Every line of the data is to be retyped exactly.

-- DATA BELOW follows --

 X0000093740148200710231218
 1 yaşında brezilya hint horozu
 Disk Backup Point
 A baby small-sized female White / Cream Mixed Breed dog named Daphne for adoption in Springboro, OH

-- DATA BELOW concluded --

YOUR SOLUTION —
 X0000093740148200710231218
 1 yaşında brezilya hint horozu
 Disk Backup Point
 A baby small-sized female White / Cream Mixed Breed dog named Daphne for adoption in Springboro, OH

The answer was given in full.